2007 年 30 巻 2 号 p. 127-132
Abnormal coagulation and fibrinolysis are a frequent complication in patients with severe head injury. Many studies have demonstrated that hemostasis tests are predictors of outcome in these patients. The aim of this investigation was to examine the clinical significance of coagulofibrinolytic abnormalities in patients with traumatic intracranial hemorrhage (TIH) complicated with and without multiple trauma.

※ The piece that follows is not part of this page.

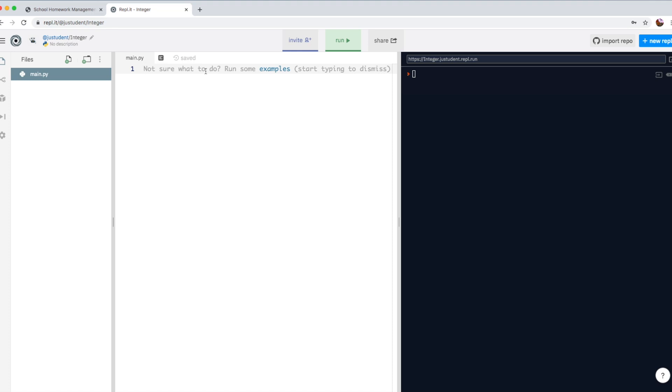Right, today we're going to do more Python and we're going to learn about a different variable today.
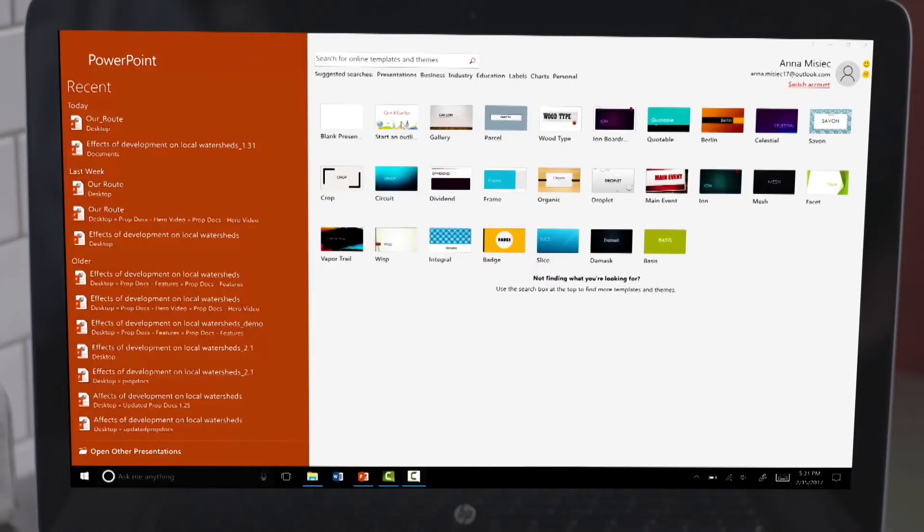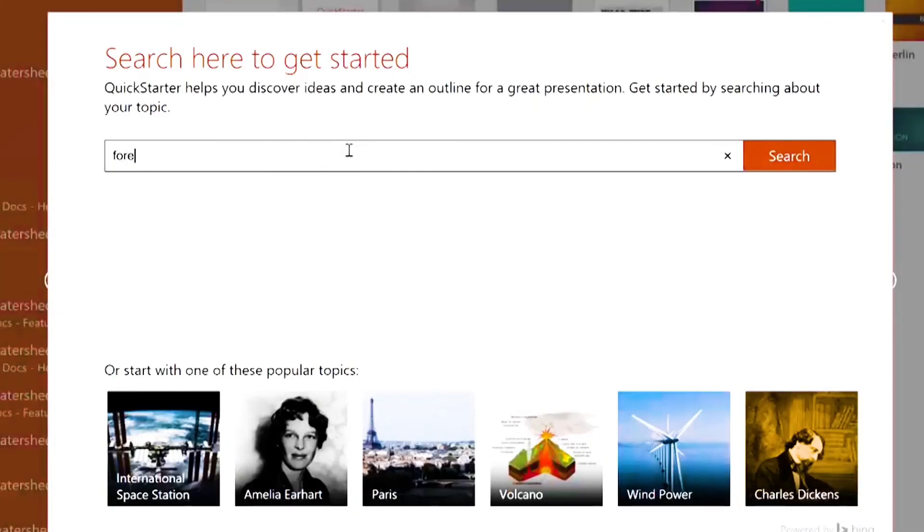PowerPoint Quick Starter. Just open PowerPoint and click Quick Starter. Then enter your topic and click search.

Seventy four patients were diagnosed as TIH by initial CT scans performed within 24 hours after insult. Those were assigned into two groups: simple TIH (49 cases; Group S) and TIH with multiple trauma (25 cases; Group M). On admission, peripheral blood samples for coagulation studies (platelet count, fibrin-fibrinogen degradation products (FDP), fibrinogen) were taken. The results were compared with Glasgow Outcome Scale (good outcome: G.R., M.D., poor outcome: S.D., V.S., D.) at discharge in each group.
In the Group S, the FDP level was significantly higher in poor outcome patients compared with good outcome patients (p<0.001). In the Group M, there was no significant difference of FDP level between good outcome and poor outcome patients. The decrease of platelet count or fibrinogen was significant predictor of poor outcome in the Group M (p<0.05), but not in the Group S. Especially, the cause of death was uncontrollable bleeding leading to multiple organ dysfunction syndrome, in three of nine death in the Group M. FDP level was useful for evaluating neurological outcome. In the other hand, we speculated that platelet count and fibrinogen level were important predictors of the neurological outcome in the TIH included in the multiple trauma with a massive bleeding that caused coagulofibrinolytic abnormalities.